See original thread here:
http://www.facebook.com/ryan.doxtader/posts/10151259999197228?comment_id=26395925¬if_t=like
Me:
Obama's not 'okay with torture.' Prosecuting US intelligence agents for past actions authorized from above would lose him the national security vote, guaranteed. But he did put in place sensible legal procedures at least aimed at striking a balance between the rights of (quasi)war detainees and national security. He also no longer claims that the executive can do basically anything in war-time because of vast security powers, no matter what Congress and the courts say about it, which is a pretty important philosophical/policy difference.
Obama has disappointed on many fronts, but the alternative is so insanely bad (Romney's foreign policy advisers seem to be all junior Neocon ass-hats, people like Dan Senor, who served with W) that you should vote for him anyway.
Remember how many people in 2000 claimed that there was no real difference between Gore and Bush, and so therefore one shouldn't vote, or should vote for Nader? How'd that work out for them?
K the destroyer:"and
i think we can all agree that there is no ethical responsibility to
punish government-approved torture, especially if it will lose you the
national security vote:"
(Cave Bear's response):
Politics
is a field full of conflicting ethical responsibilities--as well as
being the art of the possible. You have to weigh the benefits of such a
move against the fact that such
a move would almost certainly lose the President the 2012
election(polls and elections show that middle Americans tend to care
more about security than civil liberties, and have been particularly
skeptical of Democrats in this regard since 1972), which would bring on a
GOP presidency whose national security policy would (as asserted above)

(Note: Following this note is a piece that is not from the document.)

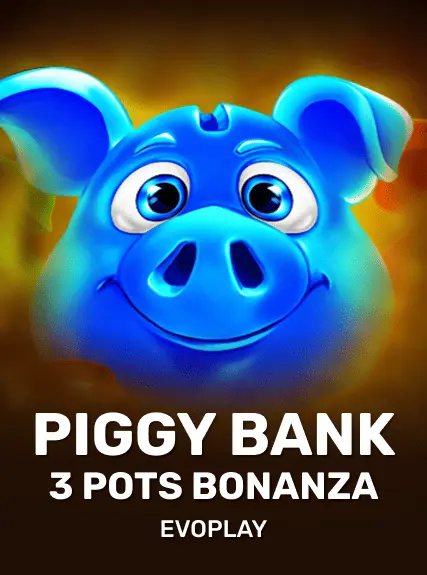 Piggy Bank: 3 Pots Bonanza game tile
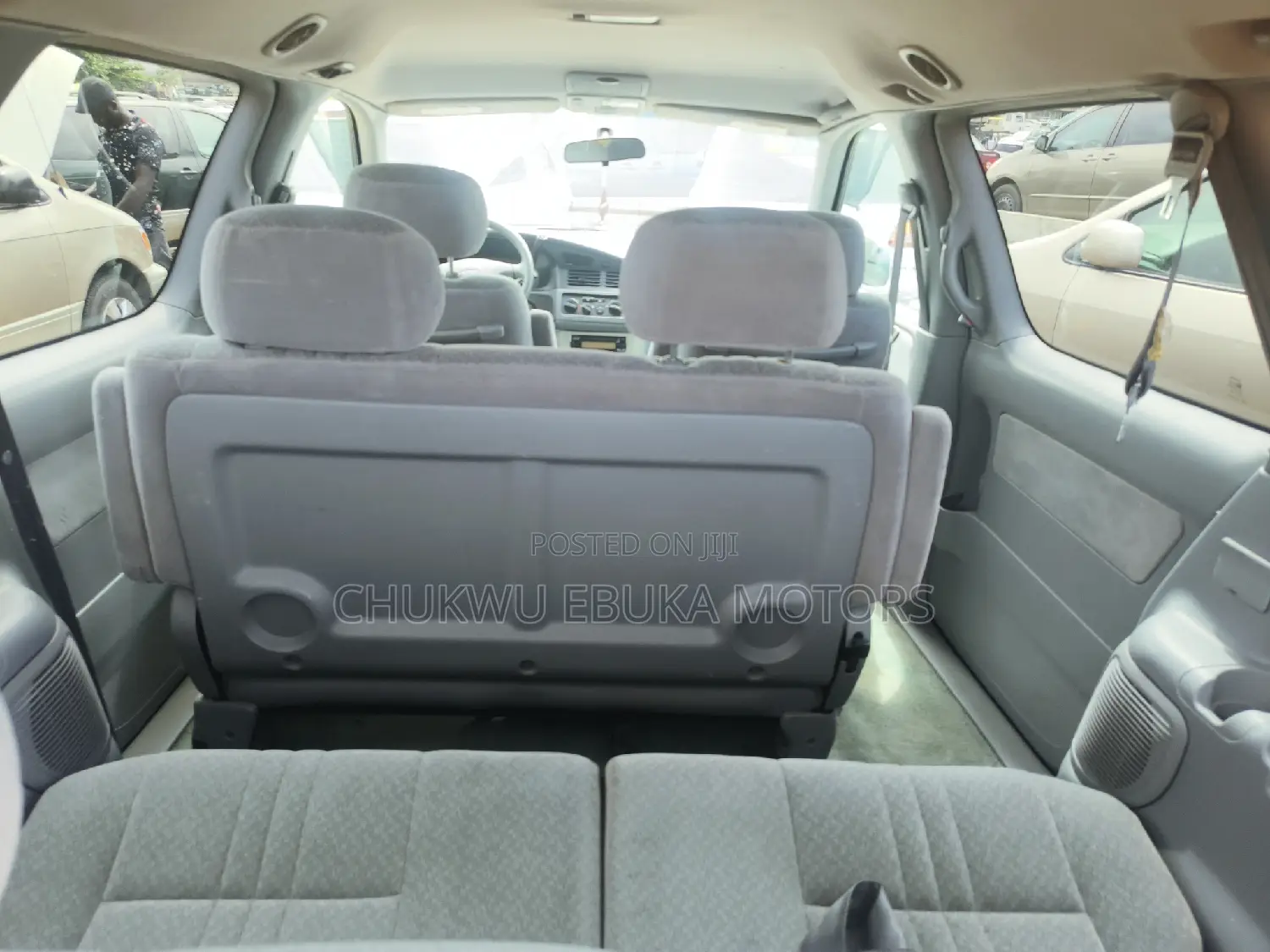Toyota Sienna CE 2002 Blue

most likely resemble W's much more closely, and explicitly include
further 'enhanced interrogation.' Has Obama no responsibility to prevent
such a thing, if we can?
All that's not to mention all the unrelated ethical and policy issues at stake on the domestic front that Obama would sacrifice, over which Obama would be ceding control to an out-of-touch plutocrat terrified of his own right flank, as well as probability such action would indirectly cause permanent change to the US social contract, shifting it to the right and causing more of America's least powerful and most in need to be abandoned to the chaos of nature without material support from their fellow citizens for the forseeable future, a future which would also include a more unequal (and unjust) distribution of wealth and a banking system more likely to destroy the entire world's economy. Preventing all this is far, far more important than prosecuting 23 CIA agents from a previous administration. One must weigh one consequence and policy against another, but here the choice is very clear.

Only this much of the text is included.